ワット・シリントーンワララームは、タイの写真家や写真愛好家の間で、ここ数年の間に美しい写真が立て続けに発表され、瞬く間に有名になった寺院だ。ラオスの古都ルアンパバーンで“最も美しい”と称される寺院「ワット・シェントーン」を模したルアンパバーン様式で建立されている。

満天の星空の下、光り輝く幻想的な寺院

Photogenic Thailand wat Sirindhorn

僕も長らく訪れる機会を窺っていたが、昨年ようやく実現できた。

このときはラオスとの国境沿いを中心に自然の被写体を中心に1週間ほど周る旅程を組み、クライマックスにこの寺院を設定。念のため2泊して予備日を設け、初日の昼間には下見をする気合の入れようで撮影に臨んだ。

撮影時刻は、夕方から夜にかけてがベスト。車で30分くらいの距離にあるコンチアム辺りに宿をとって、時間を気にせず撮影を楽しむことをお勧めしたい。できれば空気が澄む12月から1月頃の肌寒い乾季に出かけて、満天の星空を背景に絡められれば言うことない。

この寺院を緑色にライトアップしているのは、電灯ではなく蛍光物質。夕暮れどき、辺りが暗くなるに従いこの蛍光物質が徐々に輝きを放ち始める光景は、まさに幻想的。この寺院に限っては、ぜひ「生命の樹」と呼ばれるオブジェが緑色に光輝く建物の背面側から狙ってほしい。

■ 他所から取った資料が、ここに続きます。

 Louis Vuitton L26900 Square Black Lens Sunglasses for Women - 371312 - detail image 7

日が沈み、星が輝きだしたら、撮影位置を変えてより暗い北東の空を背景に星空を絡める。もちろん未明を待って一層輝く星空を求めることもありだが、蛍光物質が変わらぬ輝きを持続できるかどうかを僕は経験していないので、どなたか挑戦された方がいれば、ぜひ声を聞かせていただきたい。

美しく寺院を撮るための撮影技術

Photogenic Thailand wat Sirindhorn

本堂内の仏像

機材は、高感度に強いカメラと出来るだけ明るめの広角レンズを使いたい。ちなみにここに紹介した星空の写真は、焦点距離18mm、ISO1600/f2.8/30秒のセッティングで撮った。このときシャッタースピードが長すぎると、星が流れてしまうので気をつけてほしい。

等倍で見ると30秒でも星が流れ始めているのが判る。この辺りは、高感度ノイズとのバランスもあるので自身の価値観でいろいろトライしてみていただきたい。

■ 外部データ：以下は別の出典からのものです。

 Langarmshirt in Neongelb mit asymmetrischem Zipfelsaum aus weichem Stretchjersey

ホワイトバランスも蛍光灯あたりのセッティングにすると雰囲気が出るので、好みの感じに設定して現像時に微調整するといいだろう。

また、絞りを開けて撮るため、ピント合わせはよりシビアになる。写真で見るよりも実際の現場は暗めなので、クロスセンサーを搭載していないカメラの場合は、ハンドライト等を準備してピント合わせに役立てたい。

Photogenic Thailand wat Sirindhorn

年々人気が高まっている場所なので、時間には余裕をもって行動することが大事だ。田舎道といえど大型連休には渋滞になるし、早めに場所を確保してからも根気よく人がいなくなるチャンスを待つことが必要になる。それでもこの星空の写真をものにしたときは、本当に嬉しかったと今でも思う。

ワット・シリントーンワララーム 基本情報

  • 名称:ワット・シリントーンワララーム(Wat Sirindhorn Wararam)
  • 住所:Chong Mek, Amphur Sirindhorn, Ubon Ratchathani 34350
  • 営業時間:8時半〜16時半 無休
  • 料金:無料
  • 行き方:ウボンラーチャターニー市街から東方向へ約90キロメートル。国道217号で車で約1時間半。